I'm getting compile-time assertion errors with this on various inputs from the GCC torture suite (Value.cpp:1242 "An asserting value handle still pointed to this value!"). e.g. pr60822.c for lp64 rv64gc, O1.

dtcxzyw updated this revision to Diff 523647.May 18 2023, 8:31 PM
dtcxzyw added a reviewer: asb.

+ Rebase
+ Fix assertion failures

luke added inline comments.May 19 2023, 7:02 AM
llvm/lib/Target/RISCV/RISCVISelLowering.cpp
16455

Just a heads up, using the source/result element types of GEPs to infer the type of memory access is not always accurate, I've encountered this myself in https://reviews.llvm.org/D149889

It's also mentioned in CodeGenPrepare.cpp:

// The result type of the GEP might not be the type of the memory
// access.

I don't think this should block this patch, I just wanted to point it out. The code here is consistent with how CodeGenPrepare is inferring it.

16469

You can use Subtarget.getXLen()

I think we still resolved part of this problem instead of all of it. The reason is for

define void @foo(ptr %dest) {
  %p1 = getelementptr i8, ptr %dest, i32 2048
  store i8 1, ptr %p1
  %p2 = getelementptr i8, ptr %dest, i32 2049
  store i8 1, ptr %p2
  %p3 = getelementptr i8, ptr %dest, i32 2050
  store i8 1, ptr %p3
  %p4 = getelementptr i8, ptr %dest, i32 2051
  store i8 1, ptr %p4
  ret void
}

the extra addi a1, a0, 1 is produced by 2048 can not be represented in Int<12>. And this patch just resolved this kind of case. Consider that if the offset is 4194305, the addi still exists since the instruction selector selects it to

lui	a1, 1024
addiw	a1, a1, 1

If you want to solve all of these kinds of cases, you need to repeat all the logic that selecting a large constant. So maybe handle it after instruction selection is a better way?
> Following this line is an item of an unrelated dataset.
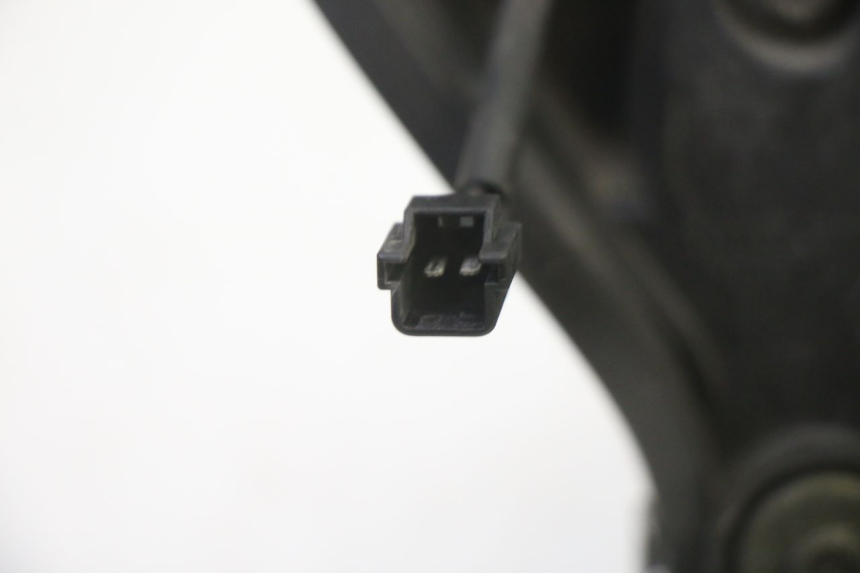 photo de FARO DELANTERO YAMAHA FZ6 FAZER S2 600 (2007 - 2011)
dtcxzyw updated this revision to Diff 526314.May 27 2023, 11:24 PM
  • Rebase
  • Fix assertion failures due to dangling value handle references
  • Add a test from @StephenFan, which tries to find an offset divisible by 4096 to use lui + add.
dtcxzyw marked 2 inline comments as done.May 27 2023, 11:38 PM

I think we still resolved part of this problem instead of all of it. The reason is for

define void @foo(ptr %dest) {
  %p1 = getelementptr i8, ptr %dest, i32 2048
  store i8 1, ptr %p1
  %p2 = getelementptr i8, ptr %dest, i32 2049
  store i8 1, ptr %p2
  %p3 = getelementptr i8, ptr %dest, i32 2050
  store i8 1, ptr %p3
  %p4 = getelementptr i8, ptr %dest, i32 2051
  store i8 1, ptr %p4
  ret void
}

the extra addi a1, a0, 1 is produced by 2048 can not be represented in Int<12>. And this patch just resolved this kind of case. Consider that if the offset is 4194305, the addi still exists since the instruction selector selects it to

lui	a1, 1024
addiw	a1, a1, 1

If you want to solve all of these kinds of cases, you need to repeat all the logic that selecting a large constant. So maybe handle it after instruction selection is a better way?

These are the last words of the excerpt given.